→ TASK DIRECTIONS
All of the records below should be retyped exactly, with no pictures included.
-------------------------
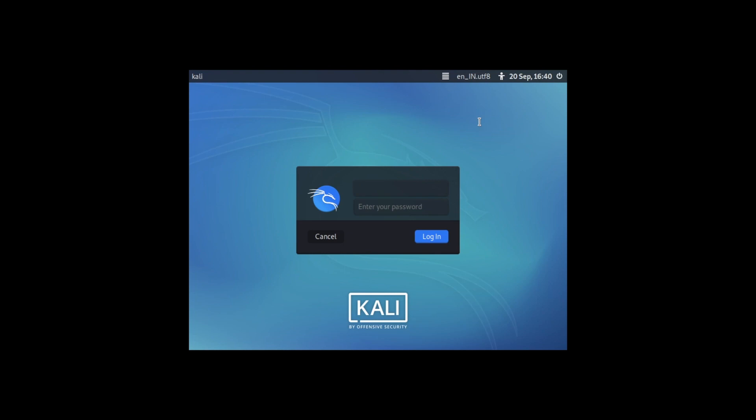Hello everyone, in this video I am going to show you how you can use Tor Browser as a root user on a Kali Linux machine. So let's get started.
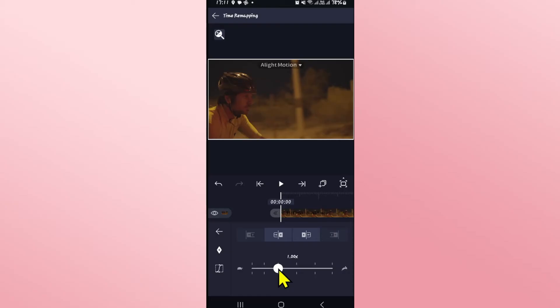If you wish to speed this up, just drag the slider to the right depending on the desired speed that you wish to set this clip into. You can click on the play button to see the preview.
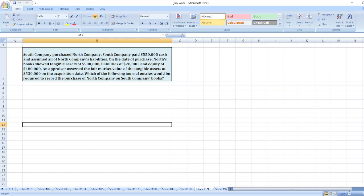Hey guys, the question is South Company purchased North Company. South Company paid $550,000 cash and assumed all of the North Company's liabilities on the date of purchase.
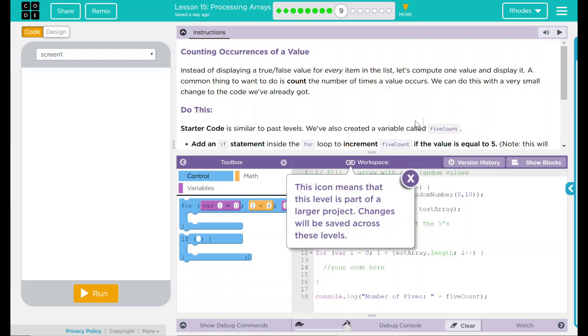Hey kids, welcome to Lesson 15, Processing Arrays, Counting Occurrences of a Value.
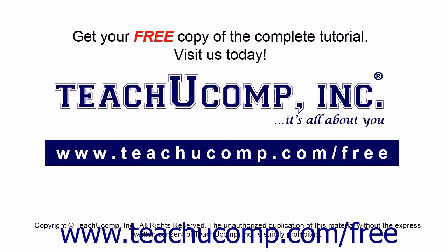Get your free copy of the complete tutorial at www.teachucomp.com forward slash free.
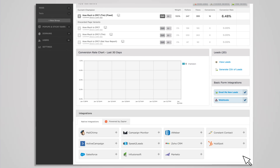However, Zapier has recently been added to the Unbounce interface to more easily connect your leads with different CRMs and online platforms. As an FYI, some integrations are only available with the premium and enterprise Zapier plans, so you might need to upgrade that account. Unbounce also has a few native integrations that don't use Zapier, to integrate with platforms like Salesforce, Zoho, HubSpot, and a few more.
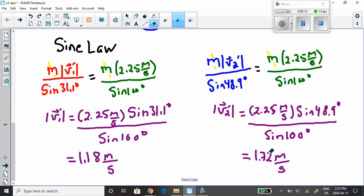This doesn't have to be an elastic collision — elastic collisions require conservation of kinetic energy as well as momentum, which is something to revisit later. Right now we're only using conservation of momentum. We've solved it using geometry, triangles, and trig. Now let's solve the same problem using the component method.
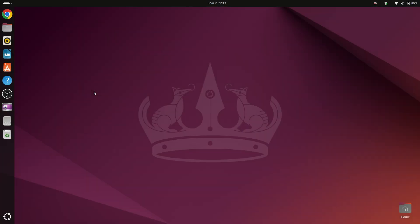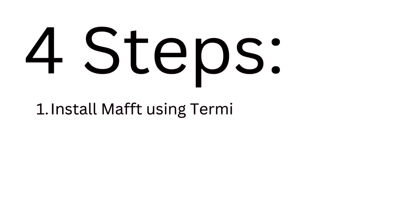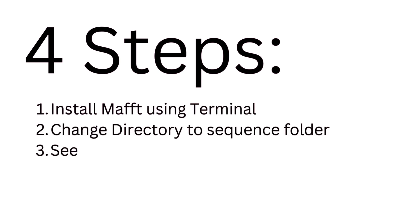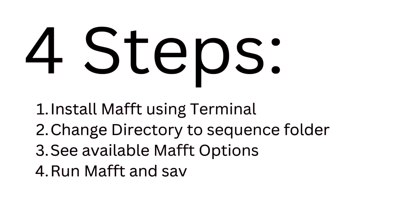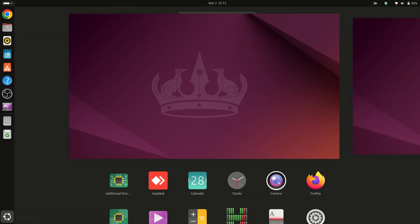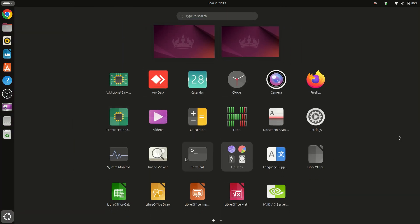In this tutorial we will see how to perform multiple sequence alignment using MAFFT. So first we have to open our terminal.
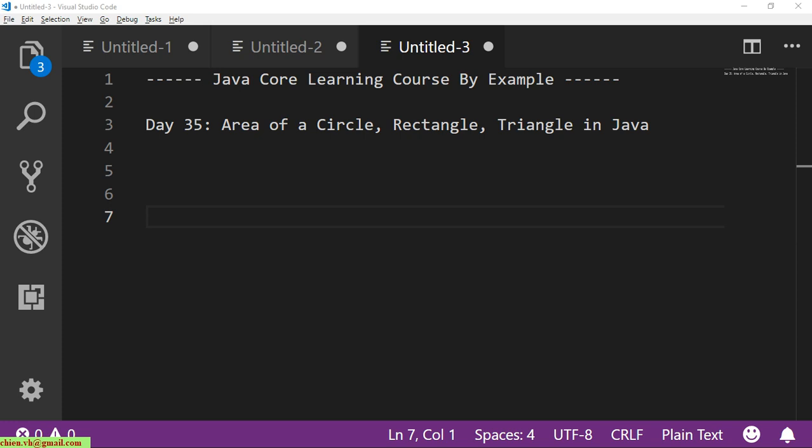Hi, this is the Java Core Learning Course, and today is day 35. I will guide you how to calculate the area of a circle, rectangle, and triangle in Java. I will create a class with three methods: the first method will calculate and return the area of a circle, the second will calculate the area of a rectangle, and the last one will calculate the area of a triangle. Let's get started.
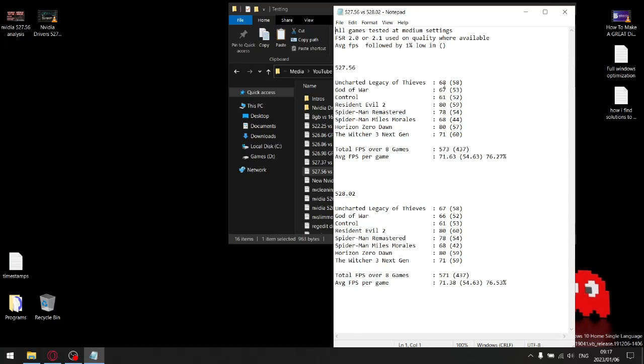With the previous driver and the latest driver, I benchmarked eight games at medium settings using FSR 2.0 or 2.1 where available, and then I tallied up the average FPS to get a total FPS over eight games.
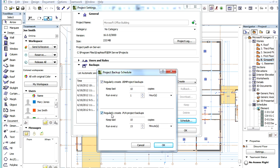In the Keep Last field, enter the number of PLN backup copies you wish to keep on the BIM Server. The default setting is 10.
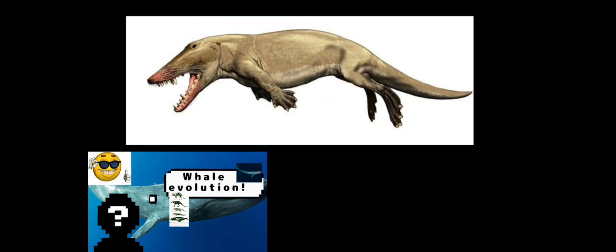As their body slowly adapted into their new environment, after a while Pakicetus evolved into Ambulocetus, which kind of looked like a mix between a crocodile and a dog. I'm not sure what to say about it.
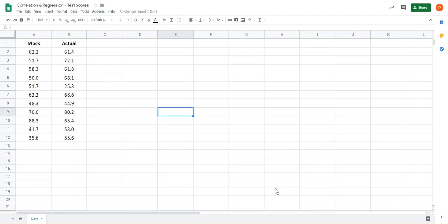This video shows you how to plot a scatter chart on Google Sheets and then put a trendline on it and find the equation of the trendline.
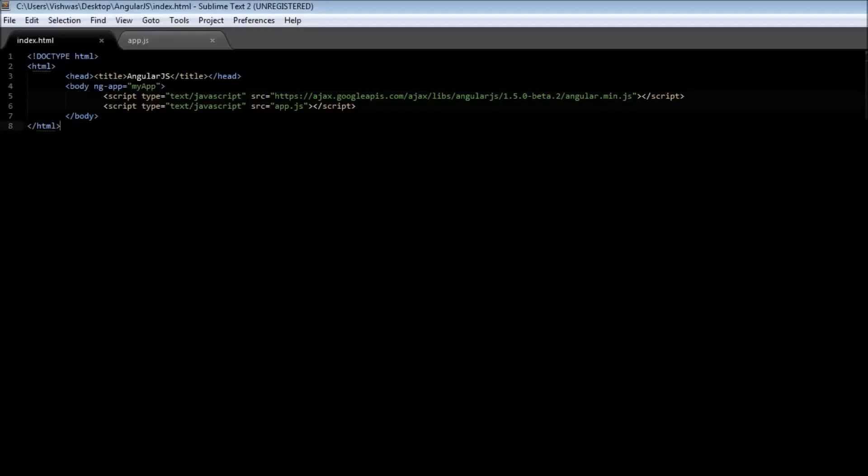Welcome back guys. In this video let us have a look at some more directives. The first one is the ngInit directive which is used to initialize angular application data.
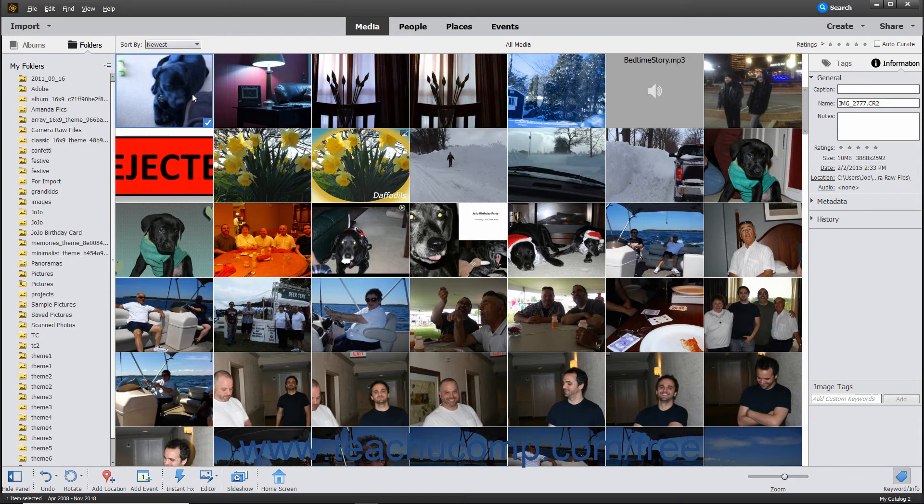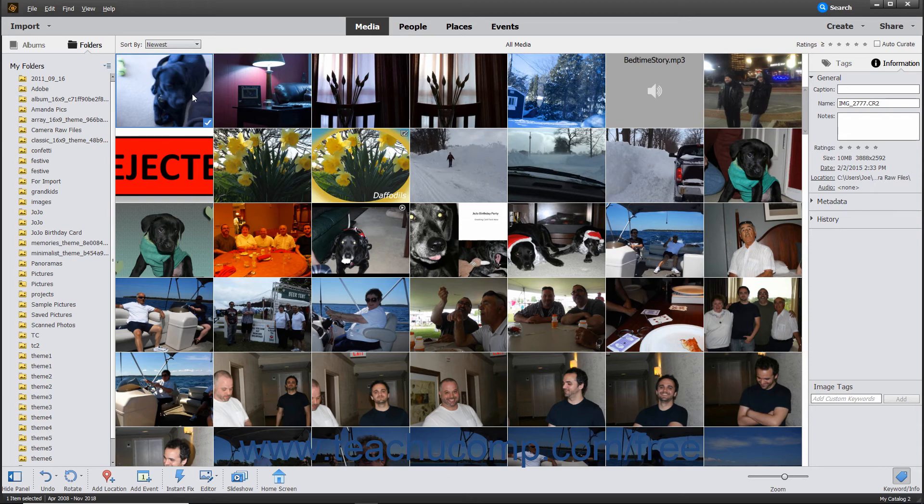Photoshop Elements is integrated with the latest version of Camera Raw. This lets you work in a non-destructive manner with Camera Raw files to set image attributes like white levels, sharpness, and contrast within Photoshop Elements.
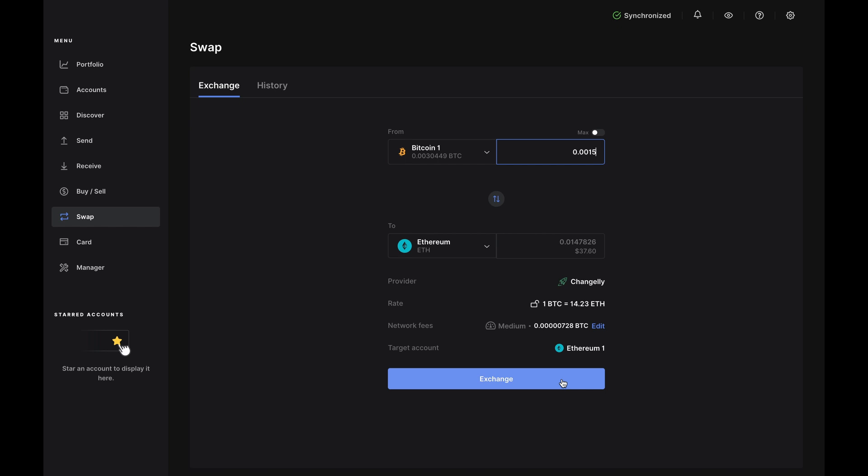You can lower your fee, but we don't recommend it because it might slow down your transaction. And of course, the target account is the account in Ledger Live where you want your funds to go. If you have multiple accounts for the same type of crypto, you can choose between those accounts here.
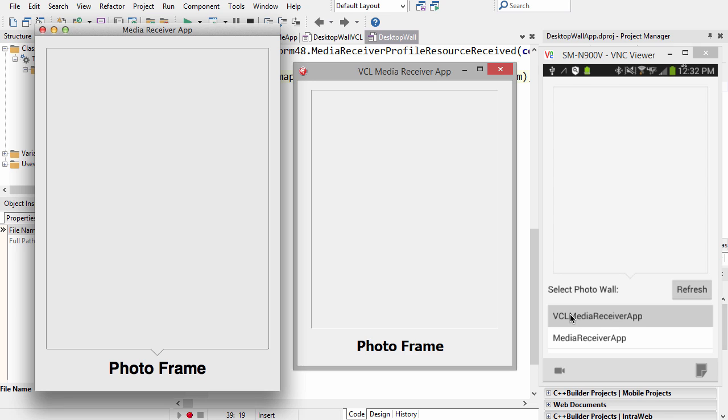Now you'll notice the mobile app has automatically discovered both the VCL and the FireMonkey receiver app. Once the new apps launch, I can use the refresh button to go out and discover those again automatically, although the requirement is that they're on the same subnet of the local area network.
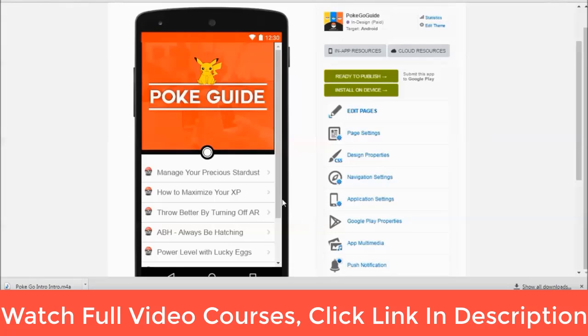Hey guys, welcome to the course, I'm glad you guys signed up. What we're going to do today is I'm going to teach you guys how to make a Pokemon Go guide app for iPhone and for Android, and I'm going to teach you how to install advertising in it to make money.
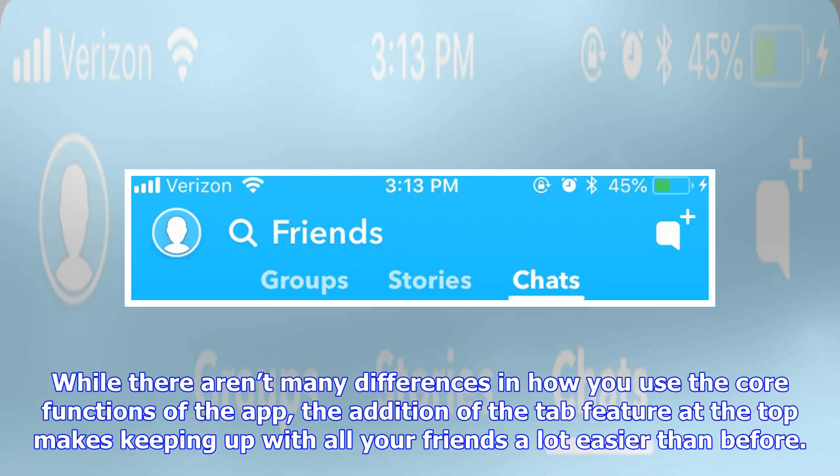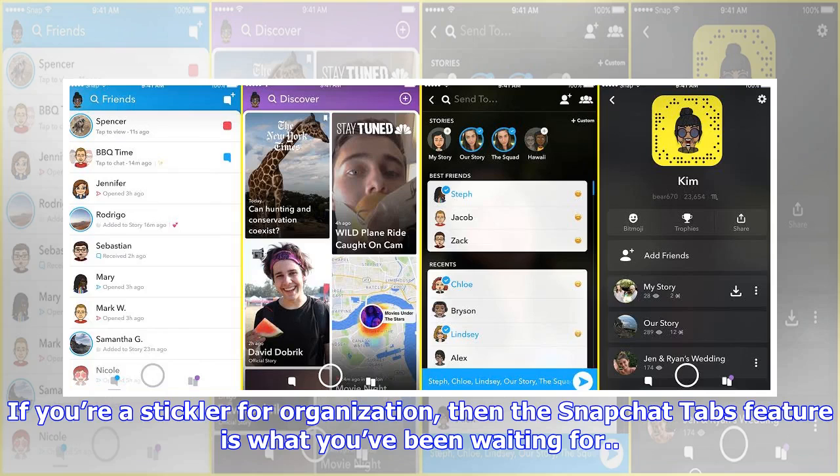After you're done with group chatting and looking at stories, you can simply chat with people on your friend list in the chats tab. While there aren't many differences in how you use the core functions of the app, the addition of the tab feature at the top makes keeping up with all your friends a lot easier than before. If you're a stickler for organization, then the Snapchat tabs feature is what you've been waiting for.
-------------------------
→ RESULT OF THE EXERCISE
Hello everyone, in this video I am going to show you how you can use Tor Browser as a root user on a Kali Linux machine. So let's get started.
If you wish to speed this up, just drag the slider to the right depending on the desired speed that you wish to set this clip into. You can click on the play button to see the preview.
Hey guys, the question is South Company purchased North Company. South Company paid $550,000 cash and assumed all of the North Company's liabilities on the date of purchase.
Hey kids, welcome to Lesson 15, Processing Arrays, Counting Occurrences of a Value.
Get your free copy of the complete tutorial at www.teachucomp.com forward slash free.
However, Zapier has recently been added to the Unbounce interface to more easily connect your leads with different CRMs and online platforms. As an FYI, some integrations are only available with the premium and enterprise Zapier plans, so you might need to upgrade that account. Unbounce also has a few native integrations that don't use Zapier, to integrate with platforms like Salesforce, Zoho, HubSpot, and a few more.
This doesn't have to be an elastic collision — elastic collisions require conservation of kinetic energy as well as momentum, which is something to revisit later. Right now we're only using conservation of momentum. We've solved it using geometry, triangles, and trig. Now let's solve the same problem using the component method.
In this tutorial we will see how to perform multiple sequence alignment using MAFFT. So first we have to open our terminal.
Hi, this is the Java Core Learning Course, and today is day 35. I will guide you how to calculate the area of a circle, rectangle, and triangle in Java. I will create a class with three methods: the first method will calculate and return the area of a circle, the second will calculate the area of a rectangle, and the last one will calculate the area of a triangle. Let's get started.
With the previous driver and the latest driver, I benchmarked eight games at medium settings using FSR 2.0 or 2.1 where available, and then I tallied up the average FPS to get a total FPS over eight games.
In the Keep Last field, enter the number of PLN backup copies you wish to keep on the BIM Server. The default setting is 10.
As their body slowly adapted into their new environment, after a while Pakicetus evolved into Ambulocetus, which kind of looked like a mix between a crocodile and a dog. I'm not sure what to say about it.
This video shows you how to plot a scatter chart on Google Sheets and then put a trendline on it and find the equation of the trendline.
Welcome back guys. In this video let us have a look at some more directives. The first one is the ngInit directive which is used to initialize angular application data.
Photoshop Elements is integrated with the latest version of Camera Raw. This lets you work in a non-destructive manner with Camera Raw files to set image attributes like white levels, sharpness, and contrast within Photoshop Elements.
You can lower your fee, but we don't recommend it because it might slow down your transaction. And of course, the target account is the account in Ledger Live where you want your funds to go. If you have multiple accounts for the same type of crypto, you can choose between those accounts here.
Now you'll notice the mobile app has automatically discovered both the VCL and the FireMonkey receiver app. Once the new apps launch, I can use the refresh button to go out and discover those again automatically, although the requirement is that they're on the same subnet of the local area network.
Hey guys, welcome to the course, I'm glad you guys signed up. What we're going to do today is I'm going to teach you guys how to make a Pokemon Go guide app for iPhone and for Android, and I'm going to teach you how to install advertising in it to make money.
After you're done with group chatting and looking at stories, you can simply chat with people on your friend list in the chats tab. While there aren't many differences in how you use the core functions of the app, the addition of the tab feature at the top makes keeping up with all your friends a lot easier than before. If you're a stickler for organization, then the Snapchat tabs feature is what you've been waiting for.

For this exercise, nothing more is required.